Definition: A lessor is the business or individual in a lease agreement that grants another party the right of possession and the right to use the leased property. In other words, a lessor leases or rents leased property to the lessee.
What Does Lessor Mean?
Leasing a piece of property is much like renting it for a set period of time. The lessor is the owner of the property who rents it to the lessee. Leases are very popular for expensive items that businesses can’t afford to buy like buildings and large equipment.
A building is probably the best example. Big Bob’s Clothing wants to start a new store location near the mall, but it can’t afford to build or buy a new building. BBC out that Al’s Rental Company owns a retail building close to the mall and is looking for renters. BBC signs a one-year lease with ARC and moves in the next week.
Big Bob’s Clothing is considered the lessee and Al’s Rental Company is considered the lessor.
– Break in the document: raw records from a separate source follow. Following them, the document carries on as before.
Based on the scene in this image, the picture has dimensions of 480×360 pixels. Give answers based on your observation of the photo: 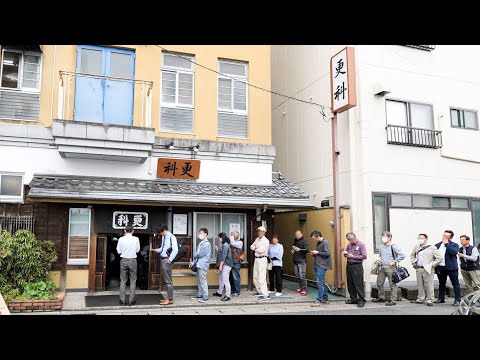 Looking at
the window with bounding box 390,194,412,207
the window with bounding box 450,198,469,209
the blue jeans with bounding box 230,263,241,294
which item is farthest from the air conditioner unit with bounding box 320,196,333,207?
the window with bounding box 450,198,469,209

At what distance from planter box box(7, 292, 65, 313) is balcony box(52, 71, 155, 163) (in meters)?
3.63

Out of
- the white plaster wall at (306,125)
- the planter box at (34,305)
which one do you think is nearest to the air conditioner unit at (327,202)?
the white plaster wall at (306,125)

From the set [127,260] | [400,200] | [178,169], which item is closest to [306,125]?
[400,200]

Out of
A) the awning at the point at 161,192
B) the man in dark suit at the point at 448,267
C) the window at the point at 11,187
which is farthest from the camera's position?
the man in dark suit at the point at 448,267

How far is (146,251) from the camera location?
39.5ft

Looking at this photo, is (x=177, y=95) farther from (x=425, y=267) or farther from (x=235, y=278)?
(x=425, y=267)

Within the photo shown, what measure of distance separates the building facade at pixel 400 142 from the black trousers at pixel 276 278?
250 centimetres

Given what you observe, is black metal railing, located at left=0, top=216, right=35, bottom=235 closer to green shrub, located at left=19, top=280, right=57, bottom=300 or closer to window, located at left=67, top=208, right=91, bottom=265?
window, located at left=67, top=208, right=91, bottom=265

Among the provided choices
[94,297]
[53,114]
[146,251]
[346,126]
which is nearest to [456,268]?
[346,126]

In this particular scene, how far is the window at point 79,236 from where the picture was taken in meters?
11.0

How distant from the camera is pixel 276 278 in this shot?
11.8 m

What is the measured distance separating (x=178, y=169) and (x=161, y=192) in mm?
1371

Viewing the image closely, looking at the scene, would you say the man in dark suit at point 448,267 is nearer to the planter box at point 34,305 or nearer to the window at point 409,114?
the window at point 409,114

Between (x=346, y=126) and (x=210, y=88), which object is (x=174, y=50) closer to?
(x=210, y=88) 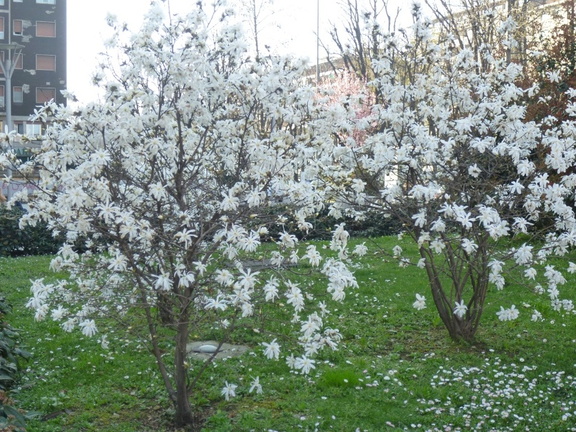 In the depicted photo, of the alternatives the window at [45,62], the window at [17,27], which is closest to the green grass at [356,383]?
the window at [45,62]

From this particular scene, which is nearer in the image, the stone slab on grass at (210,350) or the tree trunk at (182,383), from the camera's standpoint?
the tree trunk at (182,383)

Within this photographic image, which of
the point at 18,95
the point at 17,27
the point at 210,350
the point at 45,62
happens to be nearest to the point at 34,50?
the point at 45,62

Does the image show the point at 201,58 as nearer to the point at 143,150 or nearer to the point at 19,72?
the point at 143,150

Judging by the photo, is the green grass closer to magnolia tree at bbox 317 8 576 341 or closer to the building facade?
magnolia tree at bbox 317 8 576 341

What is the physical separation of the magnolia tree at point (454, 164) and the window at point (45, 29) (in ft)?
134

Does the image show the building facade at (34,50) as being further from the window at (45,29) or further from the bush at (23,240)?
the bush at (23,240)

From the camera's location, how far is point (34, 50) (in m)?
42.5

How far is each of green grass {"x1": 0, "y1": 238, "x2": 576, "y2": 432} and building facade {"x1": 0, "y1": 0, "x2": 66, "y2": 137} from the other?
37737mm

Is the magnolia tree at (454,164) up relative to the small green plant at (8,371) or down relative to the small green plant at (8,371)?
up

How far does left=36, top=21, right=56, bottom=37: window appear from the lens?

By signing the lease agreement, ARC gives the rights of possession or in this case occupancy as well as use to BBC. In turn, BBC gives ARC a rent check every month. This is a standard lease agreement no different than if you were renting an apartment.
Other popular leases include car leases, machinery leases, large construction equipment leases, among others. Leases allow the lessee access to property it wouldn’t otherwise be able to afford and allow the lessor the ability to earn rental income.